Hi.  I've only had a brief look but you seem to have a varied collection and I can't see much wrong with them.

 

One point about the crane in, for example, 2J41ATC.  You have it captioned as a 'tower crane' but it's actually described as a 'mobile harbor crane' and I would also list the make and model of the crane - Liebherr LHM 600 Mobile Harbour Crane.  See video of the larger 800 model (warning - annoying music) - https://www.youtube.com/watch?v=pRyKogB0Fco

 

In the UK at least, this is the type of crane we call a tower crane.  In a former life I used to work on cranes...🙂

 

Also, don't forget to add 'British English' spellings in the keywords where possible: harbor = harbour.

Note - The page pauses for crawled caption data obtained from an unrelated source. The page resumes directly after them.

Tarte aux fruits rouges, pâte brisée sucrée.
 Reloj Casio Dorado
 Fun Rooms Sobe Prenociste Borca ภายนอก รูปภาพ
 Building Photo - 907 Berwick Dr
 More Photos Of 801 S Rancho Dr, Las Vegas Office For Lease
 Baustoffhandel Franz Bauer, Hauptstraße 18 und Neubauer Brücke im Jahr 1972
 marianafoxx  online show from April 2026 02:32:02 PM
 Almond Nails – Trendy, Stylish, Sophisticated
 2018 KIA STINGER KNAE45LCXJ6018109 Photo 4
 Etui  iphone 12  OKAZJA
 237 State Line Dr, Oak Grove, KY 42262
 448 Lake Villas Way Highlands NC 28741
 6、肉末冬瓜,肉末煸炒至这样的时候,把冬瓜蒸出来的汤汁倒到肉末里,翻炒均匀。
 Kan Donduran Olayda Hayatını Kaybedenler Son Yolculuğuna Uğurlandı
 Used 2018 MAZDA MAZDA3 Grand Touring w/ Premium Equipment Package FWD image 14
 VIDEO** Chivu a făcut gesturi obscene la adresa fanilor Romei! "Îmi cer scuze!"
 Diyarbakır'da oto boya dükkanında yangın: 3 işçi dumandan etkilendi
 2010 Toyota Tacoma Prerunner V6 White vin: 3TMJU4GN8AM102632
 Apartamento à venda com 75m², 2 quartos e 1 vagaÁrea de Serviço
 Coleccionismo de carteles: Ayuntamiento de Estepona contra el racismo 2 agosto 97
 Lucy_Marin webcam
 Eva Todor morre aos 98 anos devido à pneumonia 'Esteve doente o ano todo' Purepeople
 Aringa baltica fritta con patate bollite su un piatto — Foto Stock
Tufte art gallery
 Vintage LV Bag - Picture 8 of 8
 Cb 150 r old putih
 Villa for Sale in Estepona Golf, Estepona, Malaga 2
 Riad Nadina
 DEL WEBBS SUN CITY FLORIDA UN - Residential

Also I would say 'unloading' instead of 'downloading' (which applies more to getting stuff off the internet these days) - and there's a typo in the caption, you have 'moorning' but I assume you mean 'morning'.

 

Good luck...

 

 

Thanks Vincent!, Thanks Vincent, I'm reviewing each photo I recently uploaded to improve search terms and keywords, I was uploading my photos to other sites like shutterstock, dreamstime, freepicks and getty, some of which I've already sold well on. I really liked Alamy and now I am starting to explore it further, thanks again for the feedback and I appreciate any advice.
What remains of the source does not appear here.